The bank levy was introduced by the coalition government not only to raise money, but also to discourage banks from becoming overly dependent on short-term unguaranteed debts.

Such borrowing can quickly evaporate if the bank's lenders become nervous, leaving the bank in need of a government bailout to avoid collapse amid a financial panic, such as occurred in the 2008 financial crisis.

"An increase in the tax rate will hit the big British banks hardest, because - unlike their overseas rivals - the levy applies to all their borrowings, on a worldwide basis, not just their UK borrowings," notes BBC Business Editor Robert Peston.

It is unclear why revenues at the current tax rate have fallen short.

Foreign banks may have moved some of their UK borrowings offshore to avoid the tax.

UK banks have also been reducing their borrowing and lending activities in response to the stagnant economy and the eurozone debt crisis.
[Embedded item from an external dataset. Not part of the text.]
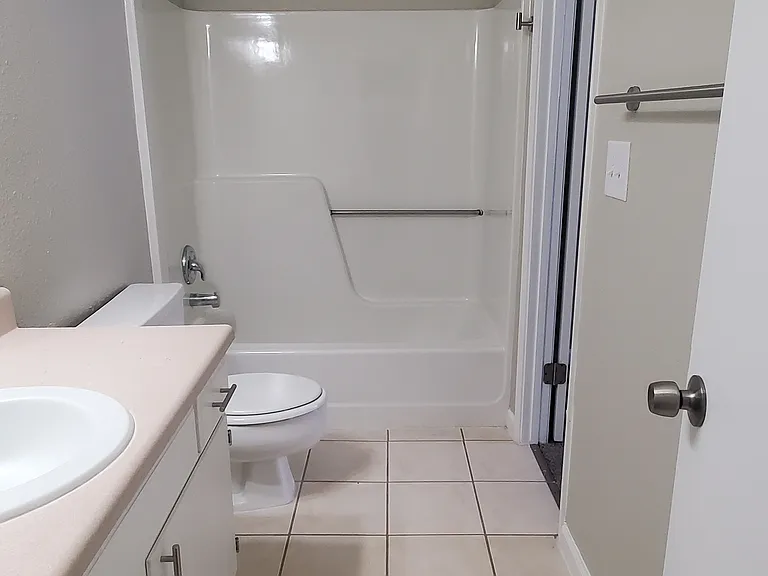 2644 Dorian Dr #D — Photo 15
They may also have been cutting their borrowing and lending as a result of regulatory requirements for them to hold more capital (their capacity to absorb losses) relative to their total volume of lending.

However, Robert Peston understands that the main reason is that the Treasury simply miscalculated how much borrowing foreign banks have in the UK when it made its original projections.

Tom Aston, financial services tax partner at accountants KPMG, warned that some UK-based banks may consider relocating out of the UK, or scaling back their total lending within Britain, in response to the rising tax rate.

"The government's desire to maintain an annual bank levy take... may create the wrong incentives for bank lending," he said.

"If banks shrink their balance sheets then they will pay less bank levy, but typically at the same time they will be lending less to the economy.

"UK banks who remain here must be worried that they will be asked to pick up the bill for any large banks who decide to leave the country."